Keystroke philosophy

This is a documentation request.

It would be helpful, as a newbie Dorico user, to read the philosophy behind how the keystrokes were chosen. Knowing why makes it easier to remember. This is especially useful for the Shift, Alt, Cntl and combinations thereof. But it might also be useful for some of the other commands. Many of them seem obvious, like Shift-L for Lyrics. (But why was shift chosen instead of just “L”? I can guess, but what was going on in the architect’s mind?)

Knowing why is easier than trying to figure out the patterns reading through the list.

It seems to me that the popover is always invoked with the Shift key; the only exception I commonly use is Shift-A for rehearsal marks (also Shift-S to stop slurs).

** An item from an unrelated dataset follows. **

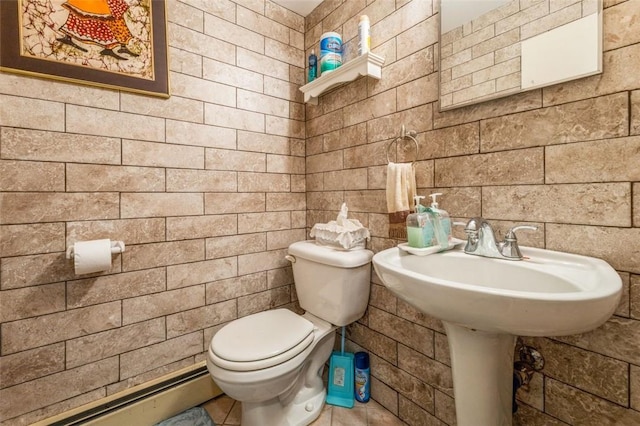 bathroom featuring baseboard heating and toilet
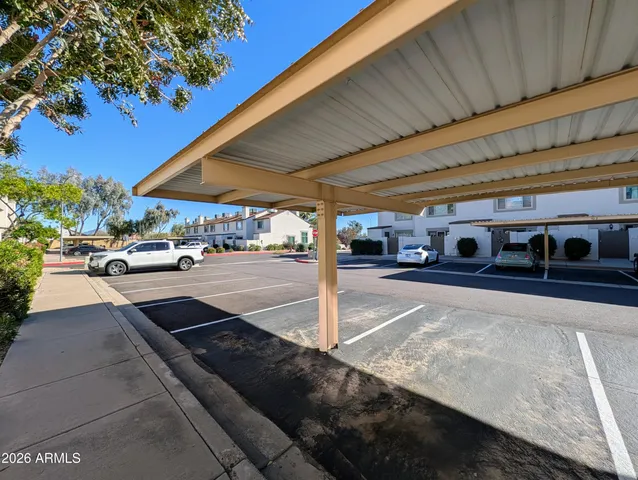 a view of a cars park in front of a building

Unmodified keys are for the musical “atoms” - notes, rhythms, accidentals, articulations, playback; and a few others like moving to higher/lower staves, slurs, repeats, etc.

After that it gets harder, but I’ve gotten used to shift-alt arrows for lengthening/shortening notes, and (I just found out about this) command-alt arrows for moving passages forward or backward - amazingly useful.

I agree with you, it would be nice to have some philosophy behind this in the documentation; maybe in the “Dorico concepts” section near the beginning.

A great request.
I find myselft often wondering why I have to press so many keys at the same time (Ctrl+Alt+Arrow, Shift+Alt+Arrow,…) that need both hands when I would prefer to keep one hand on the mouse or on the piano.

While I’m thinking of it… Maybe Daniel has already posted about this in his blog?